Source: About.com link to American Folklife Center
http://urbanlegends.about.com/gi/dynamic/offsite.htm?zi=1/XJ&sdn=urbanlegends&zu=http%3A%2F%2Fwww.loc.gov%2Ffolklife%2Fribbons%2Fribbons_81.html
Yellow Ribbons: Ties with Tradition
By Gerald E. Parsons
This article was originally printed in the Folklife Center News in the summer of 1981 (Volume IV, #2), gathering together information compiled on the subject of Yellow Ribbons following the hostage crisis in Iran. A later article: "How the Yellow Ribbon Became a National Folk Symbol," published in 1991, is also available on this site.

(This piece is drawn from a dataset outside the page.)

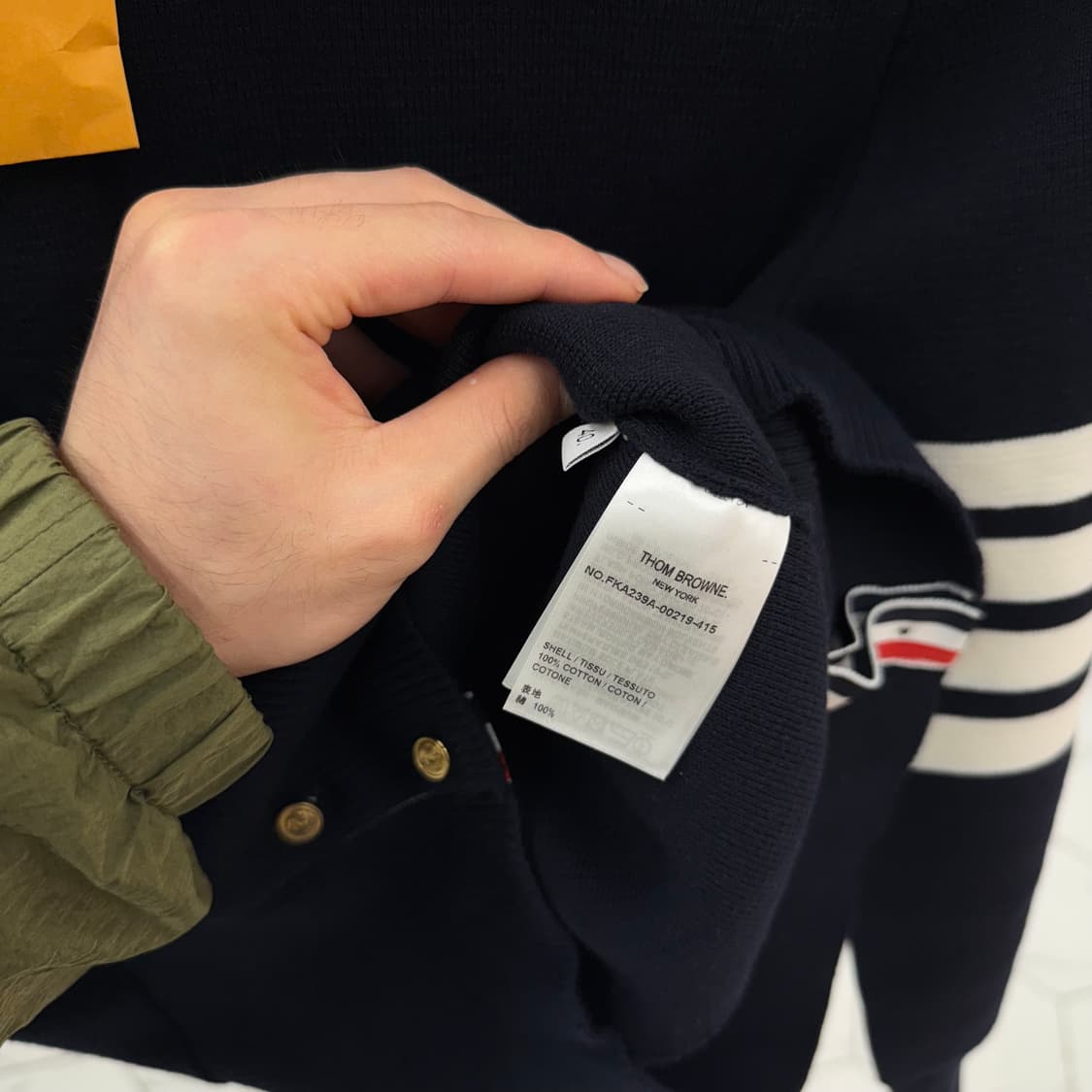 [새상품급/40] 톰브라운 밀라노스티치 금장 니트  상품이미지5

The late Gerald E. Parsons was a folklorist and a librarian in the Folklife Reading Room for twenty-one years. If folklore were an exact science, we might have predicted the blizzard of inquiries about the traditionally of yellow ribbons–the ribbons that blossomed in January [1981] to welcome the American hostages home from Iran. Instead, the media storm caught us by surprise.
David Kelly of the Library's General Reference Reading Room was the first to notice the gathering force and frequency of press inquiries on the subject. On January 22 he made the rounds of the various public reference units to see if anyone knew anything about the yellow ribbon symbol. He drew a blank everywhere except in the Archive of Folk Song. There he found a file folder containing a two-year-old reference letter concerning the song "Tie a Yellow Ribbon Round the Ole Oak Tree," and a certain skeptical willingness to study the matter further. Not the stuff of which doctoral dissertations are made, to be sure, but enough to certify the Archive as the Library's single voice on the matter. For the next two weeks the calls poured in and the reference staff of the Manuscript Division, General Reference Reading Room, Music Division, and Information Office directed them to the Archive of Folk Song.
The basic question which the news reporters had in mind was how the symbol came into being. Many callers had ideas of their own on the subject. Some had interviewed the authors of relevant popular songs. Others had spoken to historians of the Civil War. Still others had talked with the wives of hostages. Reporters often called the Archive and then called back later with a new hypothesis, a new historical fact, or a new lead to a book reference. Very quickly a kind of collegial feeling grew up between the Archive and some of the more persistent researchers. We found ourselves functioning not so much as authorities on the subject as members of an informal team of harried investigators.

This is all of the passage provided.